**Task item**
The listing is to be returned word for word, without its images.

====== Information supplied ======

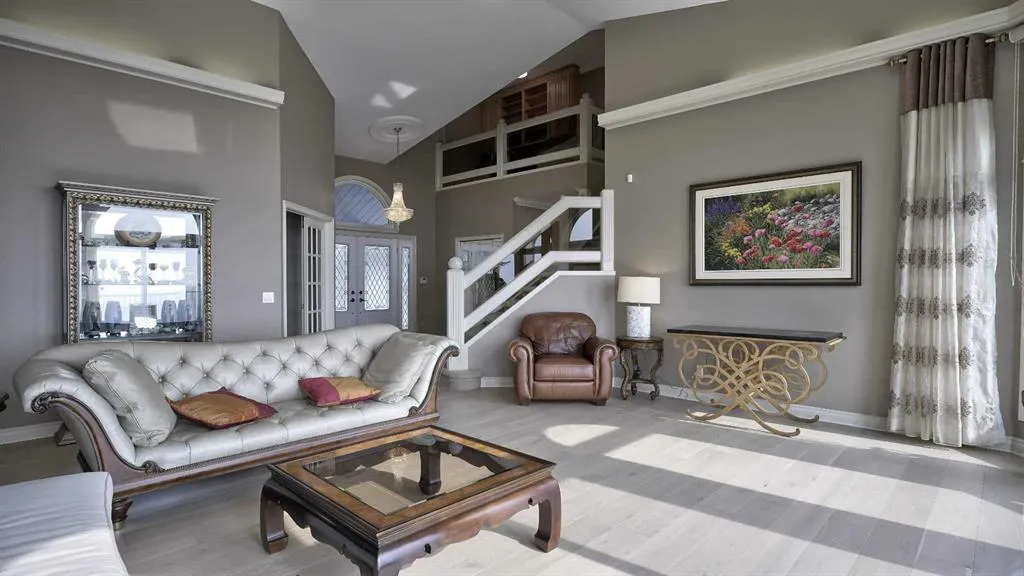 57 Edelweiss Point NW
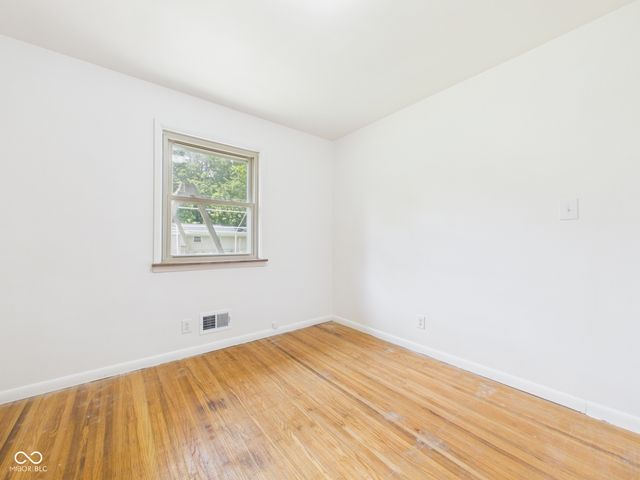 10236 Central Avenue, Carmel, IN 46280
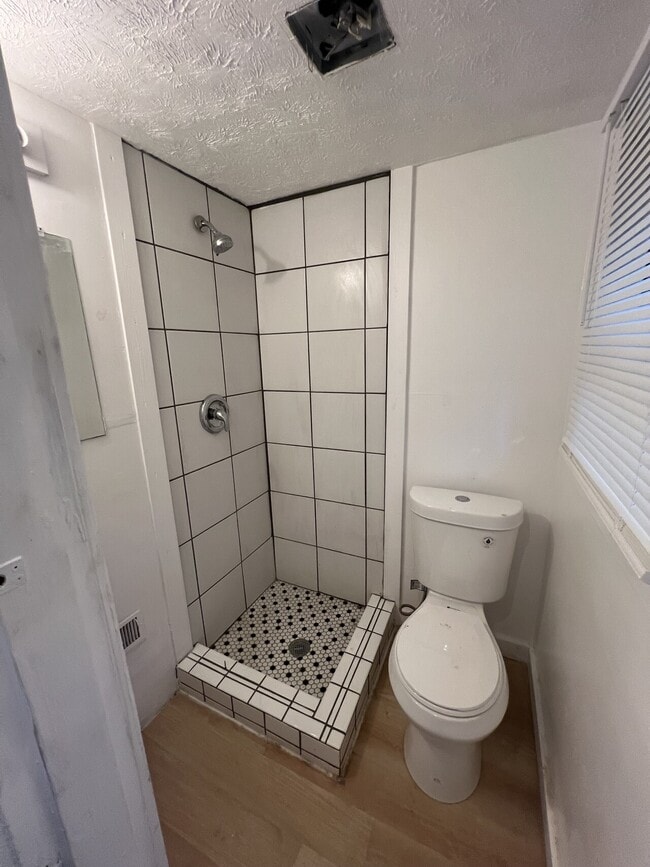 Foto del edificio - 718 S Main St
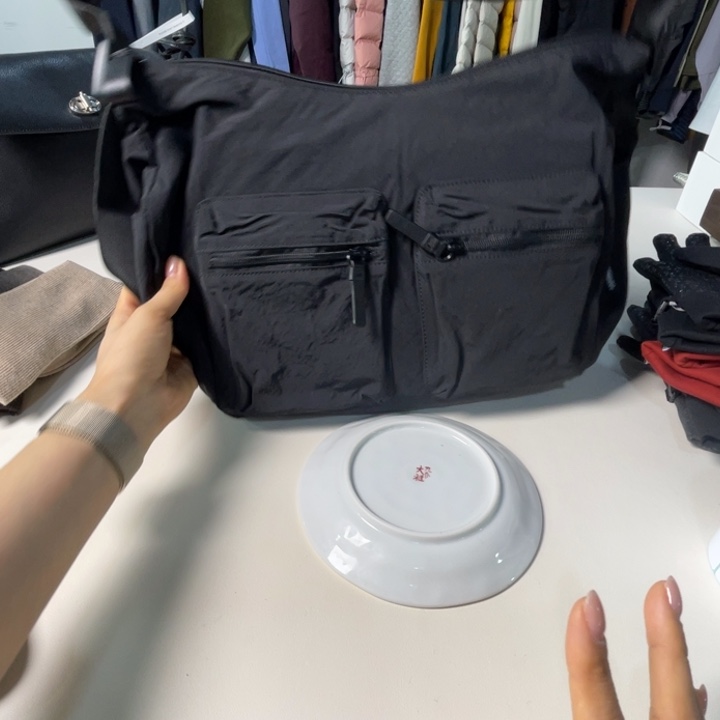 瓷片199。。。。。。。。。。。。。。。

======

**Task output**
 57 Edelweiss Point NW
 10236 Central Avenue, Carmel, IN 46280
 Foto del edificio - 718 S Main St
 瓷片199。。。。。。。。。。。。。。。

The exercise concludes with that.